If you go beyond simple true/false and multiple choice tests, the problems become worse; grading essays can be a bit of a nightmare. Some people develop really detailed rubrics for them; my tendency is to grade fairly holistically, with a few self-set guidelines for how to treat common problems consistently (defined point ranges for issues like citation problems, grammar and style, and the like).

So, we curve and otherwise muck with the grade distribution to correct these problems. Generally speaking, after throwing out the “earned F” students (students who did not complete all of the assignments and flunked as a result), I tend to aim for an average “curved” grade in the low 80s and try to assign grades based on the best mapping between the standard 90–80-70–60 cutoffs and GPAs. It doesn’t always work out perfectly, but in the end the relative (within-class) and absolute grades seem to be about right.

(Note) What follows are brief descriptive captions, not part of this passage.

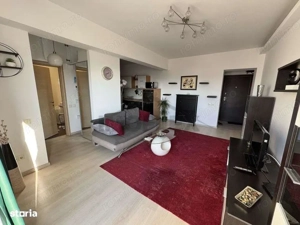 Apartament 2 camere | Decebal | Residence Day | Parcare inclusa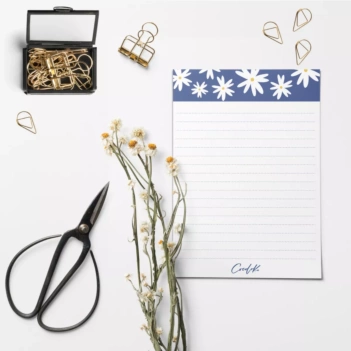 Cocoloko Alegría Notebook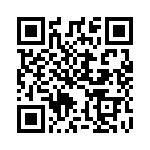 ACM28DRMN QRCode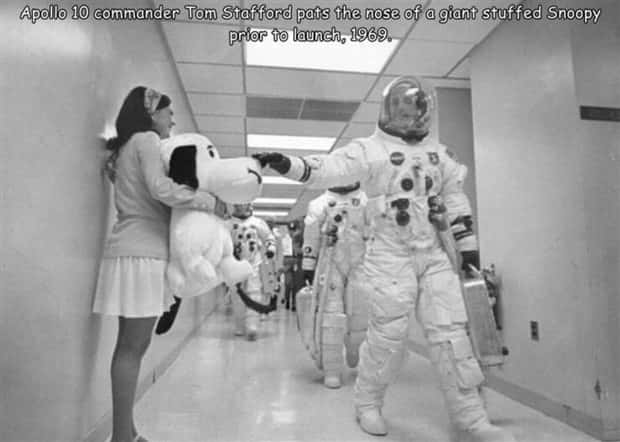 pictures with interesting captions 1 1 Interesting Pictures with Captions #102 (28 photos)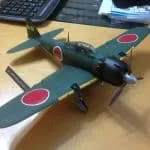 60158858 1307938159360706 5662980170085040128 N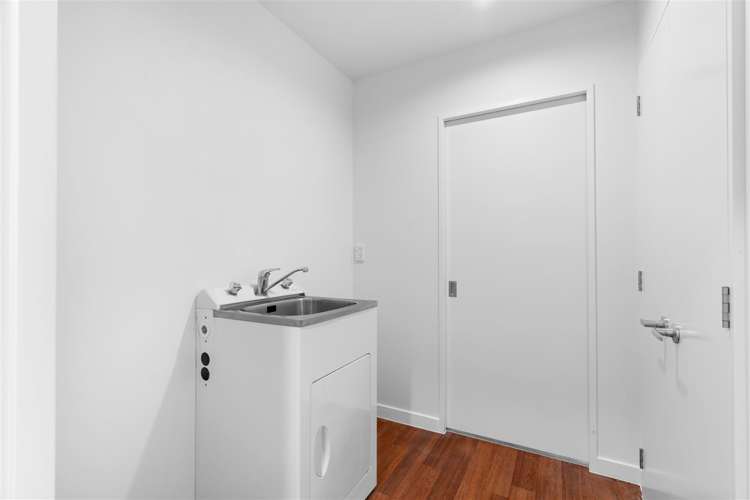 98 Gilberthorpes Road Hei Hei_17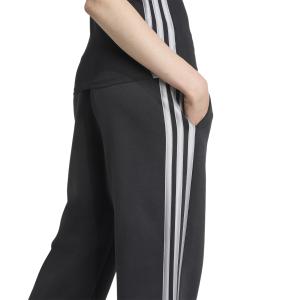 product/a/d/adidas_jm1886_black-silvmt_7.jpg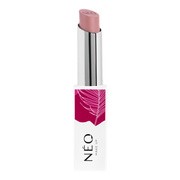 NEO Make Up Długotrwała pomadka do ust w sztyfcie: 03 CLASSY ROSE MADAME, 3,5 g https://azcdn.doz.pl/image/d/product/b4d54633-scale-180x180.png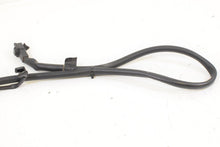 Load image into Gallery viewer, 2013 Triumph Tiger 800 XC ABS Right Hand Control Switch Start T2049255 | Mototech271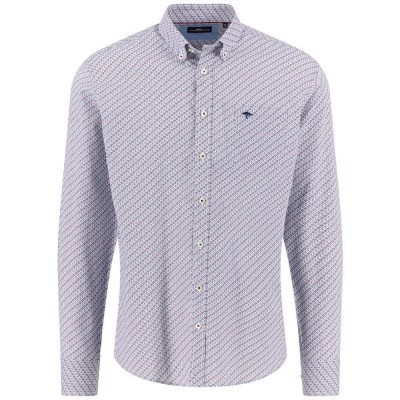 риза,с,дълъг,ръкав,дамски,ризи,мъжки,ризи,fynch,hatton,16145740,long,sleeve,shirt,grey,(deep,merlot)
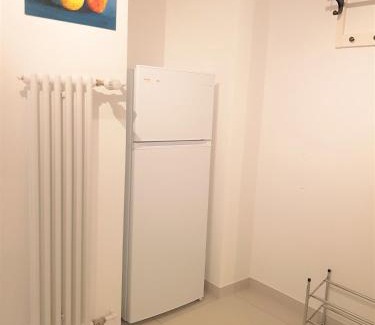 Ascona Apartment | New "Casa Maria"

Update: More on grading from Orin Kerr here.

1 comment:

Any views expressed in these comments are solely those of their authors; they do not reflect the views of the authors of Signifying Nothing, unless attributed to one of us.

1. Neil Lawrence wrote @ Fri, 5 Oct 2007, 12:13 pm CDT:

I read this with great interest. It’s always hard passing judgement on some student’s knowledge. Some people take written tests better than others. Maybe it was a bad day for the student due to illness, stress, etc. I know because I missed three questions on a math test in college because I didn’t turn the page over; I was too tired and not thinking right. Luckily, the professor graded me on the questions I had answered.

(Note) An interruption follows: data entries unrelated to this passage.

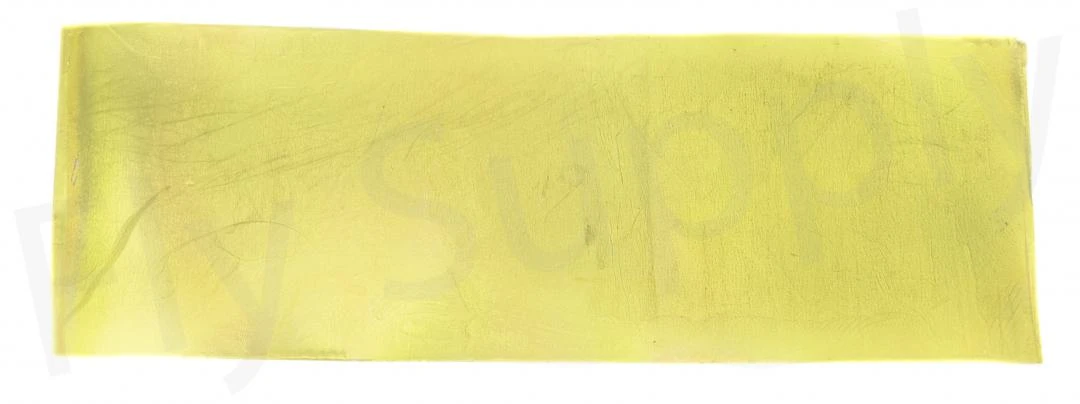 Metz Sili Skin 5 Metz Sili Skin - Afbeelding 3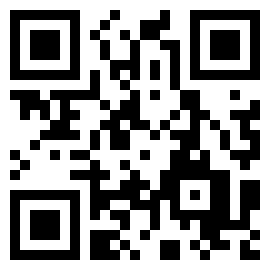 API interface error please contact the administrator!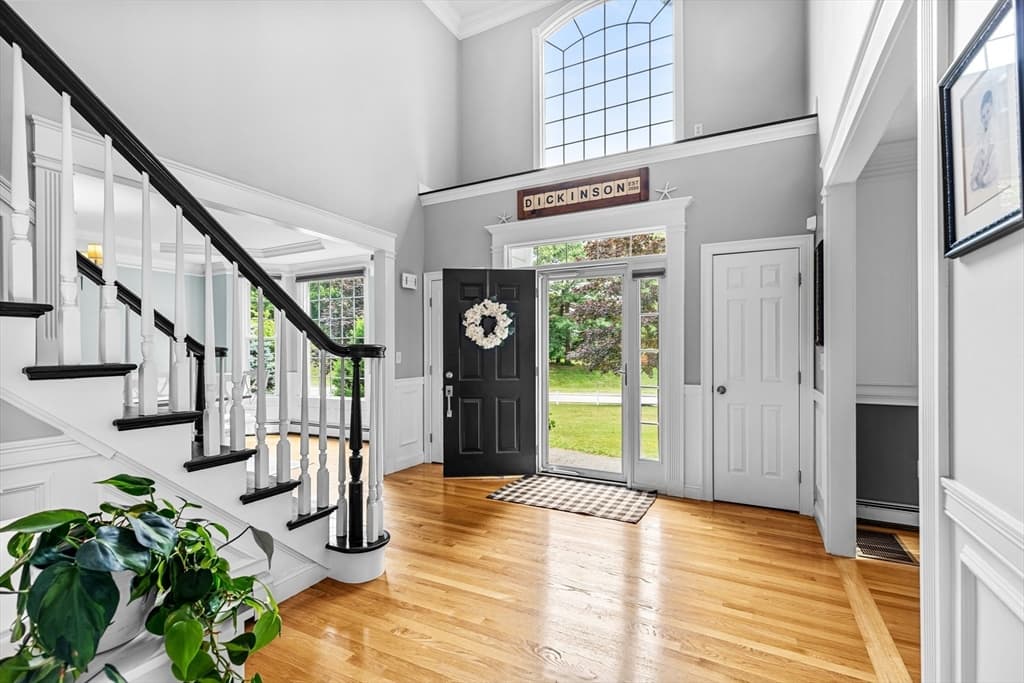 239 Country Club Way, Kingston MA 02364 photo 13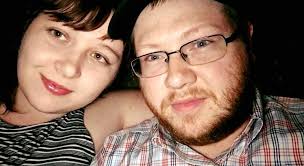 Ashley Palmer and Chris Dobbins' Wedding Website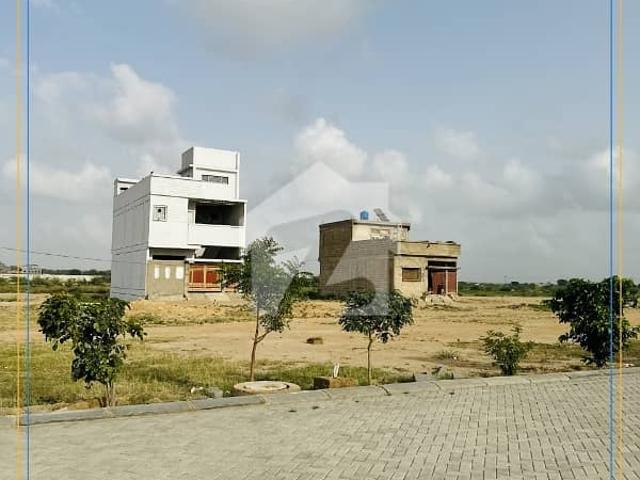 Property for sale in North Waziristan, Federally Administered Tribal Areas fata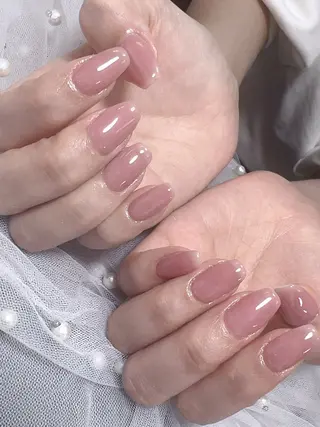 ネイル Nail NaNaのネイルデザイン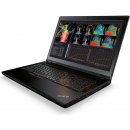 Lenovo ThinkPad P71 20HK0000MC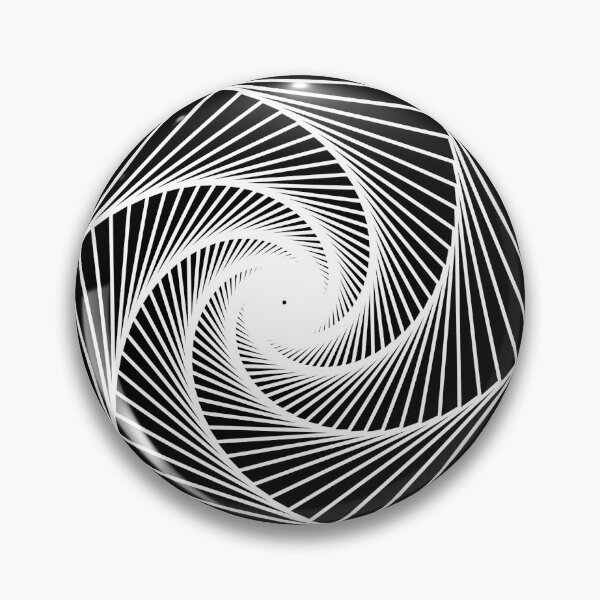 Item preview, 3D Polygonal Design designed and sold by basitcv.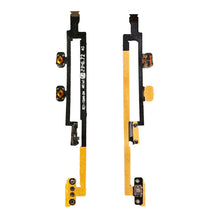 Load image into Gallery viewer, Power Button &amp; Volume Button Flex Cable for iPad Air / iPad 5 / A1474 / A1475 / A1476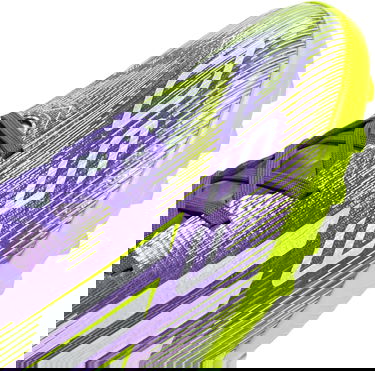 Tenisice i cipele adidas Performance F50 PRO TF Ljubičasta | jh7665, 4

We (USAF navigation instructors) had similar problems in the Undergraduate Navigation School with testing, but we had little leeway in our test grading as individual instructors. Test grading was relatively easy as the tests were standardized, multiple choice exams. Ocassionally we’d have a bad question or a case were there were more than one correct answer. In that case we could throw out the question and adjust the grade accordingly. Grading flight and simulator check rides was much more difficult, especially the flight checks as they were harder to recreate minute-by-minute. We had a comprehensive grading guide for checkrides, but we were allowed to exercise judgement based on weather conditions, equipment malfunctions, etc. After a while at the school, I was in the position to edit the syllabus, edit the instructors’ classroom instruction guides and write new tests. Writing the tests was quite a challenge since the USAF had very definite guidelines on multiple choice questions. The only way to proof the tests was to give them to other instructors which often proved entertaining for the test giver and/or instructional for the test takers. Even after 55+ years of aerial navigation we were still finding errors in the two major USAF flight manuals. Dad

Comments are now closed on this post.